RECORDS SUPPLIED: Begin

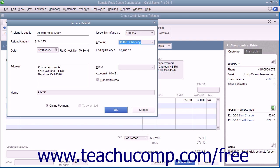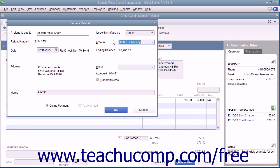Within the window that appears, select the account used to withdraw funds for the refund check and enter any other information needed for the refund into the fields shown. Then click the OK button to continue.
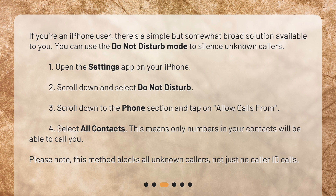Open the Settings app on your iPhone. Scroll down and select Do Not Disturb. Scroll down to the Phone section and tap on Allow Calls From. Select All Contacts. This means only numbers in your contacts will be able to call you. Please note, this method blocks all unknown callers, not just no caller ID calls.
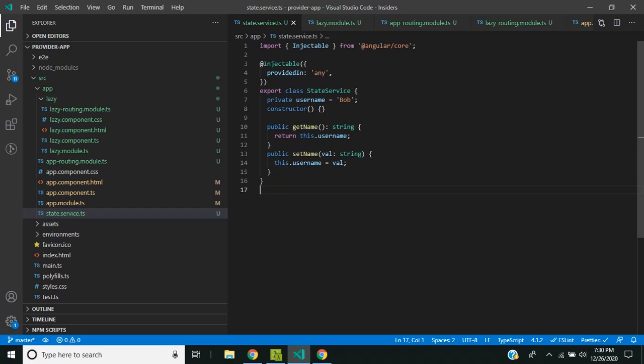The third option, `platform`, is mainly used when we have multiple Angular applications on the same page, such as with Angular Elements where we have multiple web components. This requires a totally different setup for Angular projects and will be covered in a future video. Hope you now have a better understanding of tree-shakable providers and their use cases — see you soon, thank you!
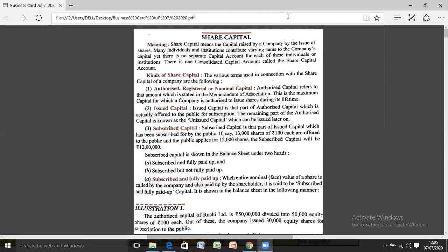The kinds of share capital should be clear to you. Number one: Authorized capital, also known as registered capital or nominal capital. Authorized capital refers to that amount which is stated in the Memorandum of Association, and it is the maximum capital for which a company is authorized or registered to issue shares during its lifetime.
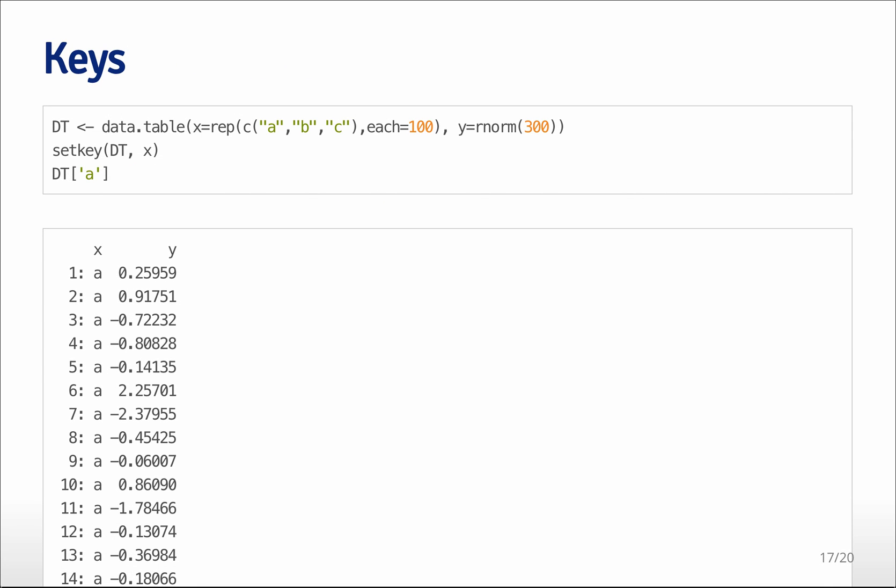A unique aspect of data tables is that they have keys. And so if you set the key, it's possible to subset and sort a data table much more rapidly than you would be able to do with the data frame. So here I'm going to create a data table,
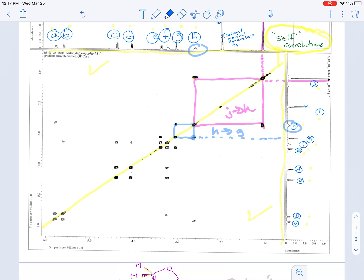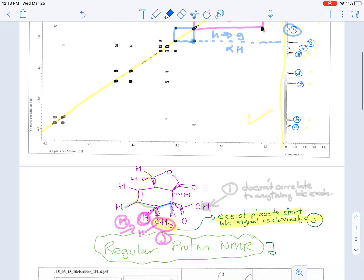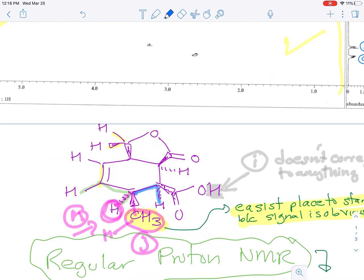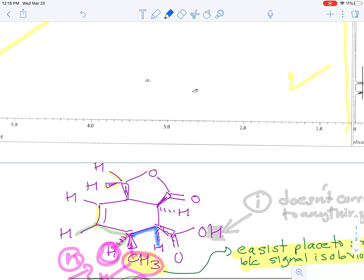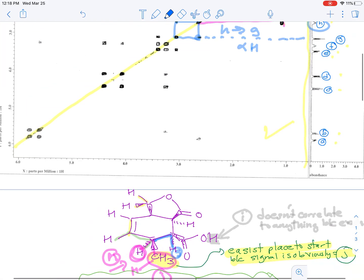And that particular signal has to be the alpha hydrogen to the carbonyl because that's the only thing that makes sense. So that makes this signal G.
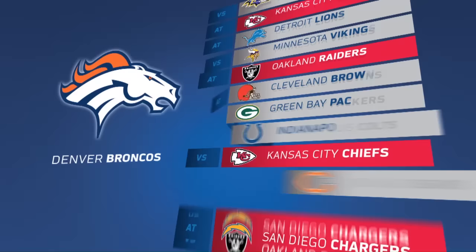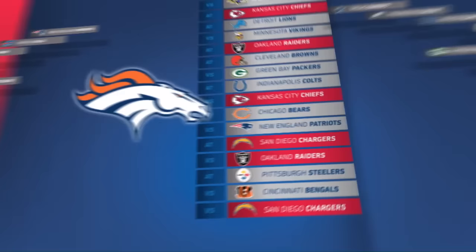Throughout the year, each team plays their divisional rivals home and away, while ten other predetermined matchups make up their 16-game schedule.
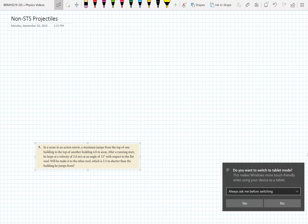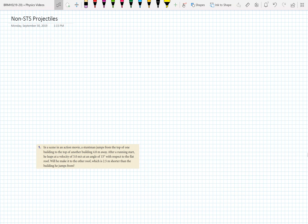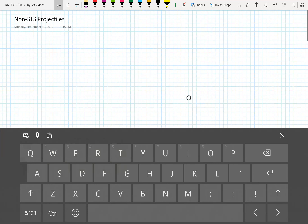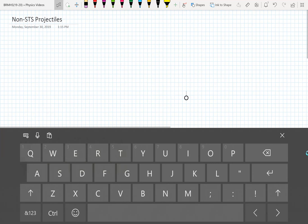In this video we're going to look at projectiles that are not going from surface to surface, so they don't have a zero change in vertical position. They do have some vertical displacement and they also have some horizontal displacement. We'll work a problem from the book as an example, but some things we should remind ourselves of first.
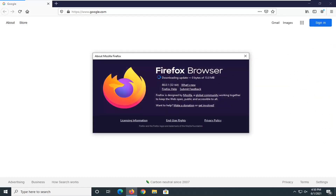Select About Firefox. At this point it will tell you what version you're currently running. And if it's downloading any current updates you will have to restart your browser and the version number will change once it's done. At the time of recording it's 88.0.1.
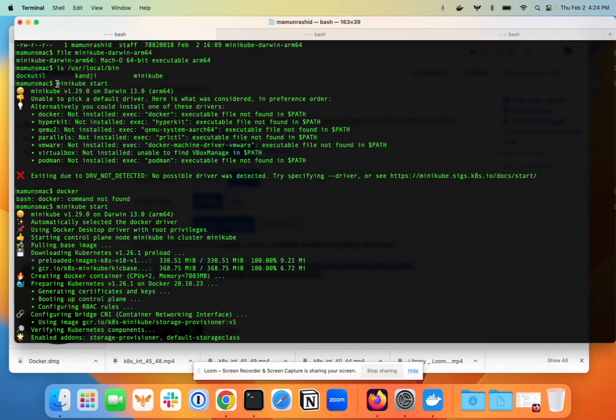I tried to run it by typing minikube start but it failed. I looked at the error message and it said it couldn't find a driver. At first I was confused and went to Stack Overflow.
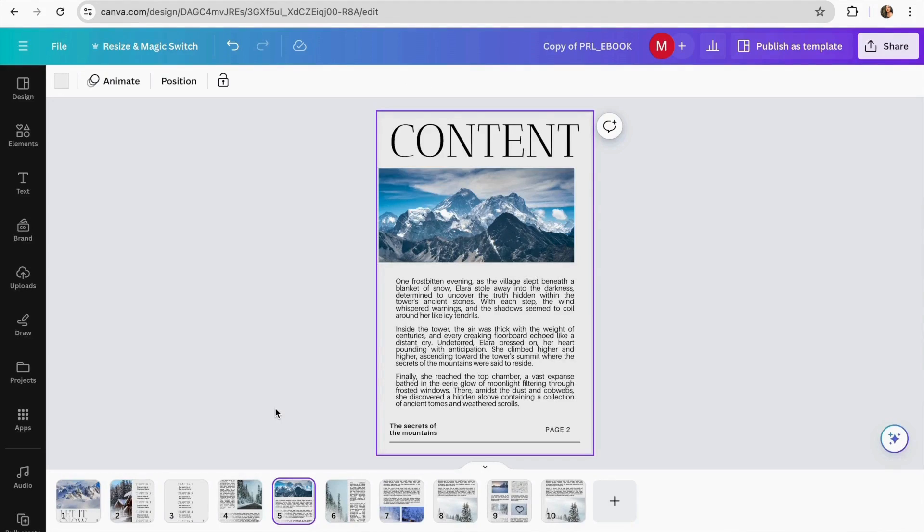Once you already customize your ebook, you change the information, you change your images, now your ebook is complete.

RECORDS SUPPLIED: End

* WORK TO BE COMPLETED: Without the pictures, give again exactly the lines above starting at the line containing "And that particular" and ending at the line containing "Throughout the year, each".

* FINISHED EXERCISE:
And that particular signal has to be the alpha hydrogen to the carbonyl because that's the only thing that makes sense. So that makes this signal G.
Throughout the year, each team plays their divisional rivals home and away, while ten other predetermined matchups make up their 16-game schedule.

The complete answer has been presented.